#### What this task involves:
Your output is to hold only the lines from the one showing "Maison 6 pièces de 257 m² à Nîmes (30000)" through the end of the listing, exactly, with every picture excluded.

#### Material for the task:
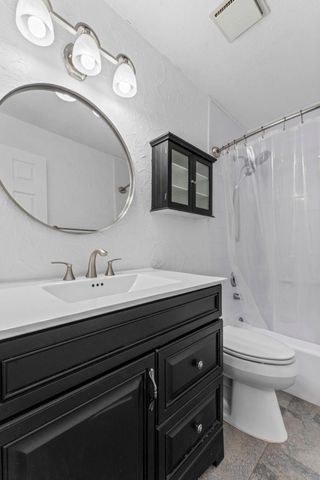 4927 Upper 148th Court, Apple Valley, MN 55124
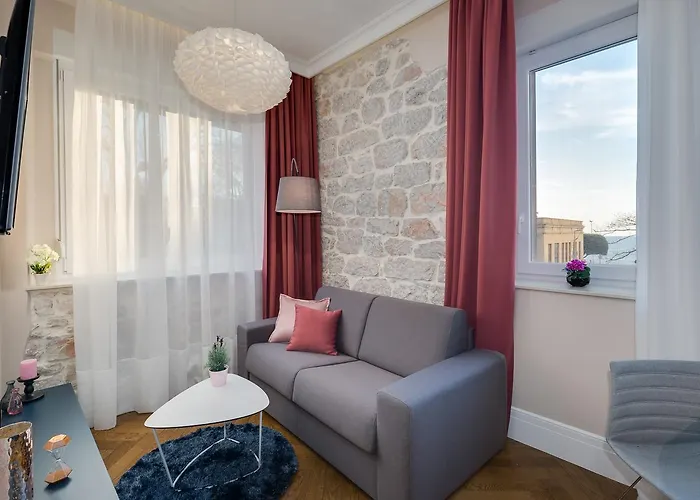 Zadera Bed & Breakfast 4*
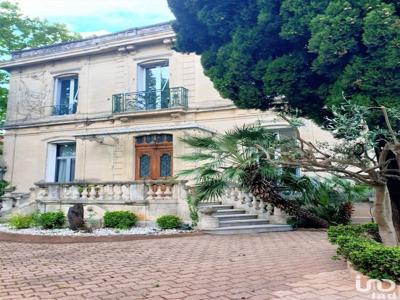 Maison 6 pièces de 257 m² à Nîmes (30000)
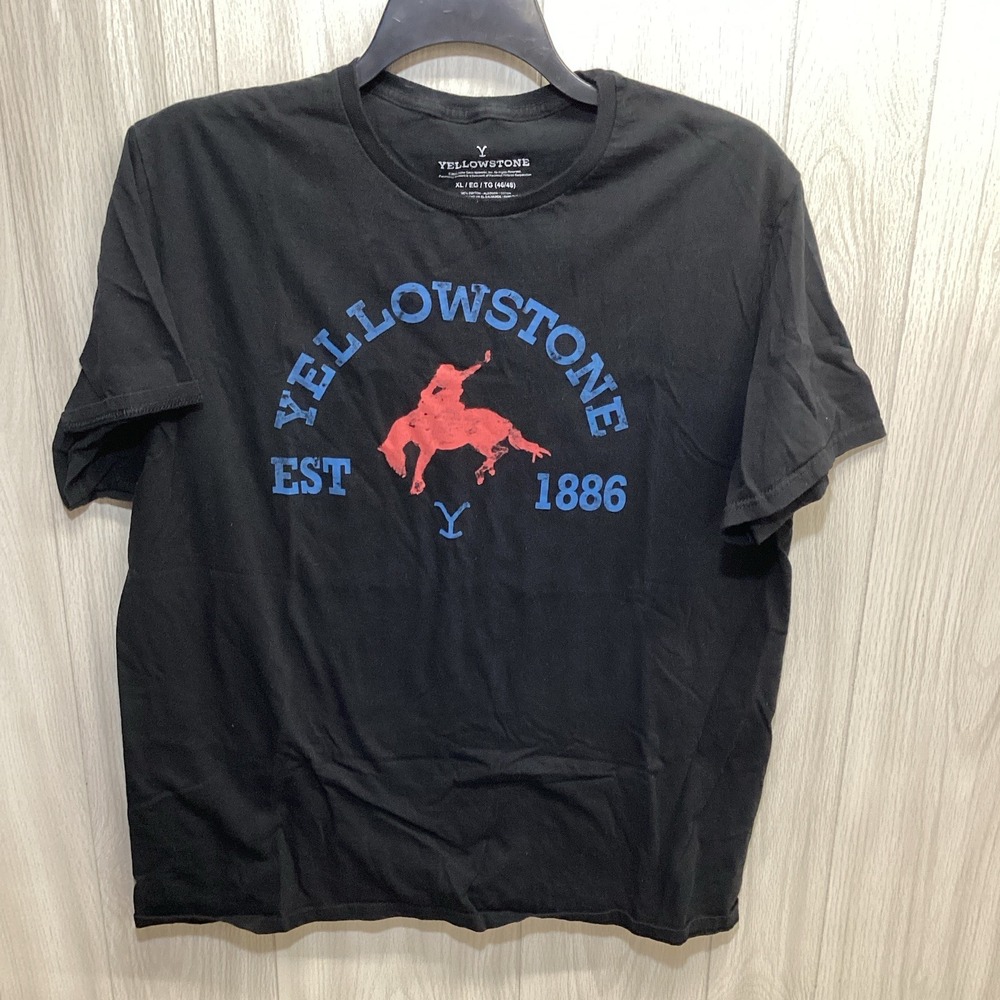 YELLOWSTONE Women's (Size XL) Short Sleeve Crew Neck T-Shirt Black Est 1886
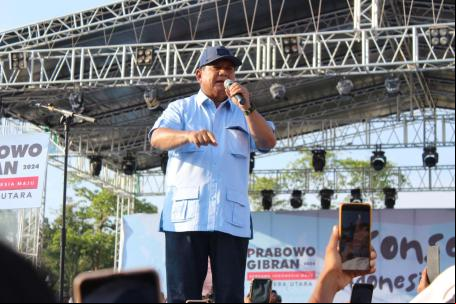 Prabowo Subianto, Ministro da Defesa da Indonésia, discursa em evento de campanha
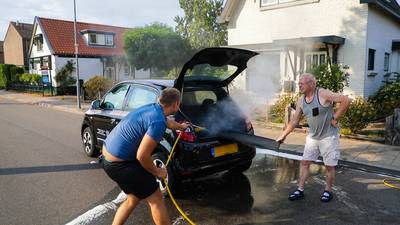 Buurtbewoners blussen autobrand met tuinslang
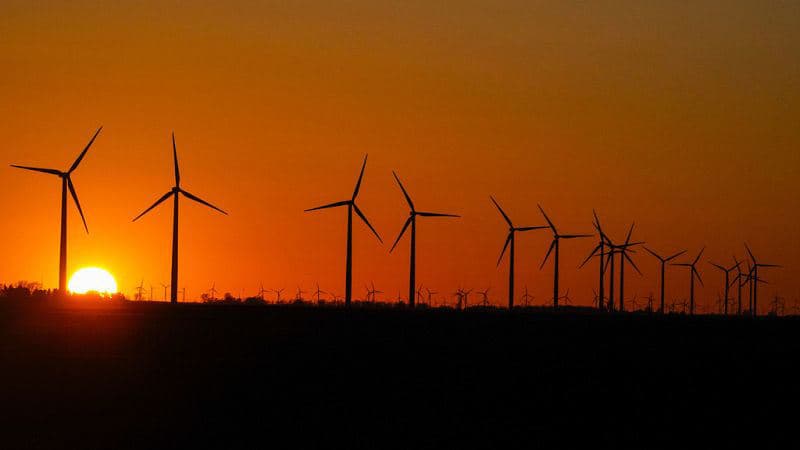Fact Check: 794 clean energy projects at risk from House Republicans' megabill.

#### Task output:
 Maison 6 pièces de 257 m² à Nîmes (30000)
 YELLOWSTONE Women's (Size XL) Short Sleeve Crew Neck T-Shirt Black Est 1886
 Prabowo Subianto, Ministro da Defesa da Indonésia, discursa em evento de campanha
 Buurtbewoners blussen autobrand met tuinslang
Fact Check: 794 clean energy projects at risk from House Republicans' megabill.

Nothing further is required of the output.